Hong Kong has benefited from Philippine anti-drug measures based on information from mules convicted in HK.
But since then, the drug flow from Manila to Hong Kong has stopped, the Philippine Drug Enforcement Agency said in a recent letter to the High Court. The letter was submitted by defense lawyers in hopes of reducing the sentences on three convicted Filipina drug mules arrested 10 months ahead of Cruz.

Cruz, a 38-year-old single mother and call center agent in Manila, was the first Filipina drug mule to slip out of NAIA barely a month since President Rodrigo Duterte took office, winning heavily on the back of an anti-drug campaign promise.

Her arrest showed that despite Duterte’s bloody anti-drug crackdown, international drug syndicates continued to use the country as a major transshipment center in Asia, apparently with help from crooked elements at NAIA.

But she appeared to be the last Filipino drug carrier to have passed through NAIA security unchallenged. Duterte’s bloody crackdown has apparently whipped airport security personnel into line.

However, two foreigners carrying drugs still managed to pa ss through NAIA just months after Cruz’s arrest. They were a Venezuelan woman and a Bolivian man who took circuitous routes to Hong Kong via various cities, with NAIA as the last stopover.

 The lawyers for Shirley Chua, Remelyn Roque and Ana Louella Creus secured the letter from PDEA through the Consulate, which in turn coursed the request through the Department of Foreign Affairs in Manila.

In the PDEA letter, it was also said that information given by the three drug mules to ATN had led to the arrest of Nora Noora, the alleged mastermind of the fateful trip on Sept 25, 2015 that landed them in a Hong Kong jail.  A fourth defendant – Maricel Thomas – was acquitted at the end of the trial last Nov 14.

The lawyers told High Court Judge Aubrey Campbell-Moffat the information also led to the capture of Ugandan national Rufus Katumba, the alleged kingpin of the Nigerian drug syndicate in the Philippines, and his Filipino wife Marlyn Ramos in October 2015.

“Basically, we are appreciative of the fact that, through the information given by the three Filipinas, somehow naipadala natin sa Manila and the DFA coordinated with the PDEA, which led to the arrest of Katumba, na apparently ay Nigerian drug trafficking syndicate member or leader,” Consul Paulo Saret told The SUN when asked for a comment.

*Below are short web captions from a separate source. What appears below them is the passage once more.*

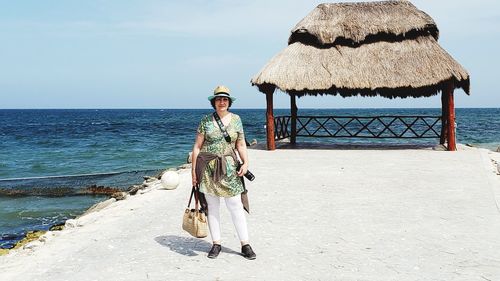 Woman with umbrella on beach against sky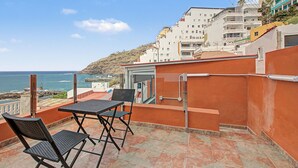 Ein Balkon mit Tisch und Stühlen mit Blick auf die Küste, im Hintergrund sind Gebäude zu sehen.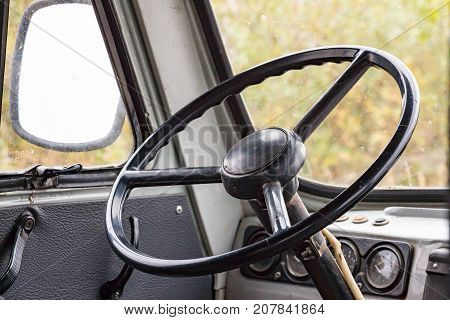 The steering wheel in the cockpit of an old car. Retro style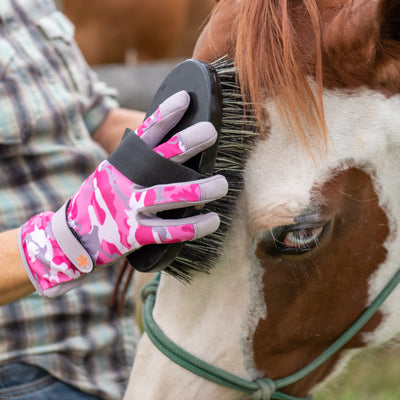 Horse being brushed using Dig It® Handwear Garden Gloves in Pink Camo.
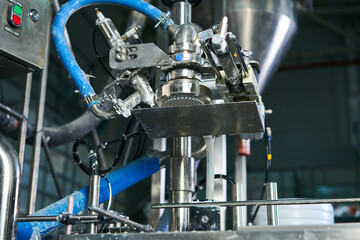 Obraz premium paint bottling line at the factory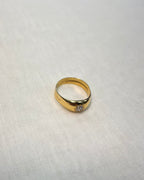A yellow gold ring with a small star-shape and diamond set in the center, resting on a textured off-white fabric background.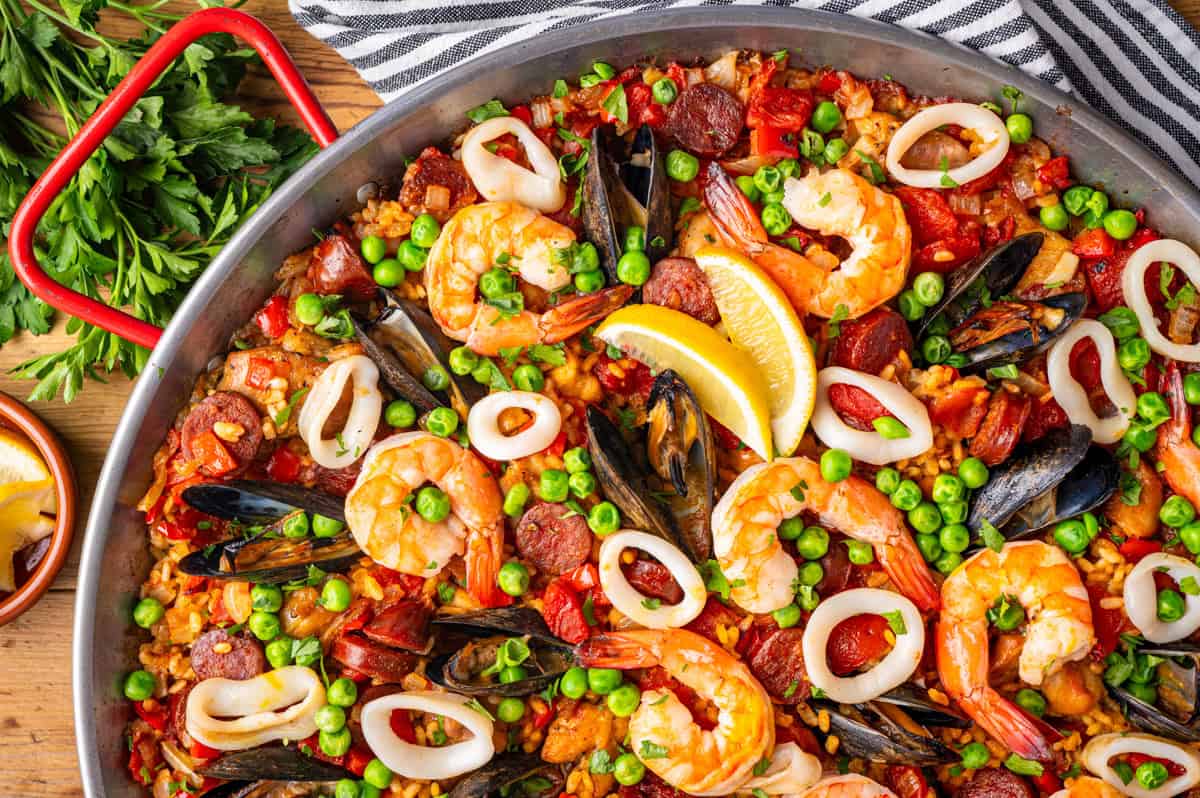 Paella A large pan of seafood paella topped with shrimp, mussels, calamari rings, chorizo, peas, and lemon wedges.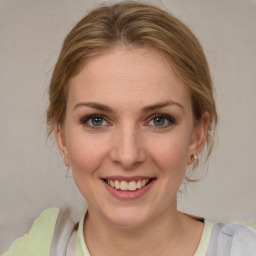 Joyful white young-adult female with medium  brown hair and blue eyes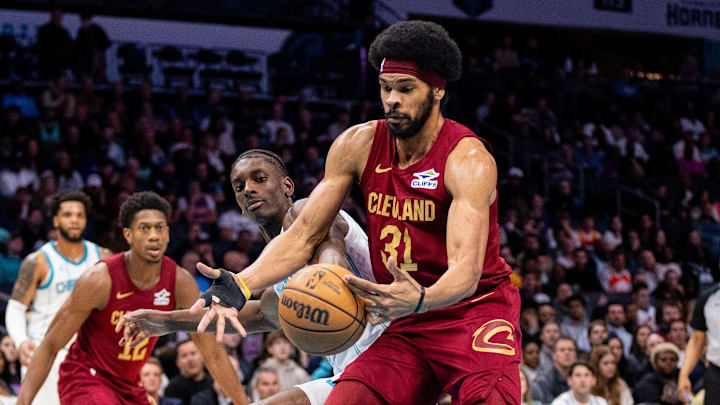 Mar 7, 2025; Charlotte, North Carolina, USA; Cleveland Cavaliers center Jarrett Allen (31) cuts off a pass to Charlotte Hornets forward Moussa Diabate (14) during the first quarter at Spectrum Center. Mandatory Credit: Scott Kinser-Imagn Images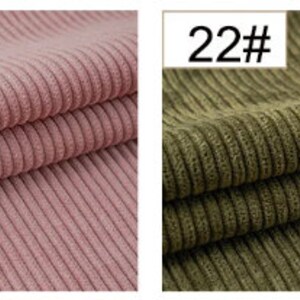 May include: Two fabric swatches, one in a light pink color and the other in a dark green color. Both swatches have a corduroy texture with vertical ribs.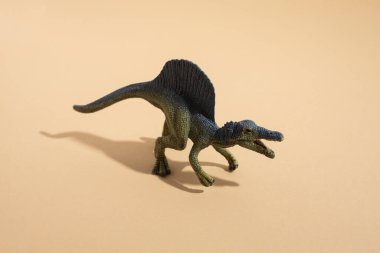 Plastik oyuncak dinozor arka planda.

“Because of the information, I think binigyan naman ng credit ang three ladies dahil sa apprehension ni Katumba. Kasi narinig ko ang sinabi ng judge, ‘They led the authorities to Noora, it was Noora who led the authorities to Katumba’,” the consul said. 

Saret said it appears that the tip-off from Chua, Roque and Creus gave the Philippine authorities the initial impetus to arrest Katumba.

The arrests of Chua, Thomas, Roque and Creus brought to seven the number of Filipinas nabbed at HKIA in 2015 for drug trafficking. This was the biggest annual total recorded for Filipinos in data compiled by the Customs & Excise Department from January 2010 to November 2016.

On Feb 2, 2015, pregnant tourist Catherine Bustillo was arrested when 1.8 kilos of cocaine was found in secret compartments of her hand-carried baggage. She pleaded guilty to trafficking on Sept 25, 2015 and was sentenced on Dec 22 to a “lenient” 14 years and eight months in jail by High Court Justice Kevin Zervos.

Another Filipina tourist, Ma. Cristina D. Dia, was charged with drug trafficking for bringing into Hong Kong 1.3 kilos of suspected cocaine worth about $1.3 million on Sept. 5, 2015.

On July 15 of the same year, Susan Cumpio was intercepted while trying to bring in nearly 2 kilos of cocaine from Brazil. The Filipina had admitted bringing the drugs into Hong Kong as part of a deal to gain liberty from her Nigerian common-law husband in Sao Paulo. She was sentenced to 17 years in jail in May last year after pleading guilty to drug trafficking.

Cruz, the last of the Filipina drug mules to Hong Kong, was sentenced by a High Court judge to 12 years and three months in jail after she pleaded guilty on Apr 8.